What to work on:
List each line of the data that holds the string "Renault".
--- Exercise data Enclosed Below ---
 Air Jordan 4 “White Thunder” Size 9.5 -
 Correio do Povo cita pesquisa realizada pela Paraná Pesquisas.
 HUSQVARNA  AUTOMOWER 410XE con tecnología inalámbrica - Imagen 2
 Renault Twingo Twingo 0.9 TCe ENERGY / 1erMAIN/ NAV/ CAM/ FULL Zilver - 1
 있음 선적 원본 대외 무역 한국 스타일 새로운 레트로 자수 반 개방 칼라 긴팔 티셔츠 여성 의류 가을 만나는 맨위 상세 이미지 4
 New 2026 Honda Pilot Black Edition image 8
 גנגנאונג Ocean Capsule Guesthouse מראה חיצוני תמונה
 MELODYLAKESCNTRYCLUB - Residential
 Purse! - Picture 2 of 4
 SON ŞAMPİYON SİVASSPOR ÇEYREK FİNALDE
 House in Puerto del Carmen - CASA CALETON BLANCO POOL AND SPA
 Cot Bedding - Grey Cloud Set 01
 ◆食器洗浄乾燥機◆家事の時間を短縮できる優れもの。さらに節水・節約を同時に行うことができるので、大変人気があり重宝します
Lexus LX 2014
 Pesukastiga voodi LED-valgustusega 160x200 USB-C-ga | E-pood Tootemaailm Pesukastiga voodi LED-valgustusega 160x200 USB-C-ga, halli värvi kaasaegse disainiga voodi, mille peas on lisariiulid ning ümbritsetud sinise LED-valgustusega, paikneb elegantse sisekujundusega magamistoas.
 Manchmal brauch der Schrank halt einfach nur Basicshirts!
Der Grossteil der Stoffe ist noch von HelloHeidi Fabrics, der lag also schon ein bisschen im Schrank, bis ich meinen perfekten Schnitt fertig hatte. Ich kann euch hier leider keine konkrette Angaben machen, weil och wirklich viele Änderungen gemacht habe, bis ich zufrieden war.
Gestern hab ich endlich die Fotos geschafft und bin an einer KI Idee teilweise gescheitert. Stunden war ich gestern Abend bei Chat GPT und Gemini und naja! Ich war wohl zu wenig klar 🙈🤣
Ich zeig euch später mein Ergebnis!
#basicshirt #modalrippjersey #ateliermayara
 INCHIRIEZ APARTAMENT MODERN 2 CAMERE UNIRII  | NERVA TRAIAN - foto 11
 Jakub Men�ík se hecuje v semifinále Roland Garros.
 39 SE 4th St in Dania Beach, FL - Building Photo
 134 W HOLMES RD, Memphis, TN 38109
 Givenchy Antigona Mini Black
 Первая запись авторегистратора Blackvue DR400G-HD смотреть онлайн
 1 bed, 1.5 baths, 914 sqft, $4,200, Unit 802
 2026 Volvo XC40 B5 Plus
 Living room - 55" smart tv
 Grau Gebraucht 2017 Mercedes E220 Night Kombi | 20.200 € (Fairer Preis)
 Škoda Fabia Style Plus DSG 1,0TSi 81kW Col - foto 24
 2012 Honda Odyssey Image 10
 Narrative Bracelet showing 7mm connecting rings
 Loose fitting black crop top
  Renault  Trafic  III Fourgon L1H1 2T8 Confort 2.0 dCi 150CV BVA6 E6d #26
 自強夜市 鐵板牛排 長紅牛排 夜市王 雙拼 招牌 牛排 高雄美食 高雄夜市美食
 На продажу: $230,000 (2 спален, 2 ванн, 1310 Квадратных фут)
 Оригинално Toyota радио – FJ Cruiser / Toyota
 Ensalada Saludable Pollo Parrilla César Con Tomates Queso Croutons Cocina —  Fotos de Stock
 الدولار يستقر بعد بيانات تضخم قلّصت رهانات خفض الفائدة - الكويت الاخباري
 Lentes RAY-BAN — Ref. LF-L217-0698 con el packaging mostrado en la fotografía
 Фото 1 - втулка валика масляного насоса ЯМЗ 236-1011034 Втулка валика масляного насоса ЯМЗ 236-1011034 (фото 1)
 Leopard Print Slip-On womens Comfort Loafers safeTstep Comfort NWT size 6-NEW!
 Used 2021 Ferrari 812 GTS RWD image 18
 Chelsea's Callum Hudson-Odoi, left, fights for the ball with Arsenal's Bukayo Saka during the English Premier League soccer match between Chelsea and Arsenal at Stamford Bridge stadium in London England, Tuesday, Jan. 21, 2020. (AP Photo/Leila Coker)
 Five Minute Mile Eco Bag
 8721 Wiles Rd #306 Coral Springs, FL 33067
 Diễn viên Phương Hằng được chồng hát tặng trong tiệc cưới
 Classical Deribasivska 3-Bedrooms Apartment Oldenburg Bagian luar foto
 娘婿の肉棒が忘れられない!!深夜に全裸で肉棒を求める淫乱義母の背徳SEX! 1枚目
--- End of Enclosed Exercise data ---
Exercise solution:
 Renault Twingo Twingo 0.9 TCe ENERGY / 1erMAIN/ NAV/ CAM/ FULL Zilver - 1
  Renault  Trafic  III Fourgon L1H1 2T8 Confort 2.0 dCi 150CV BVA6 E6d #26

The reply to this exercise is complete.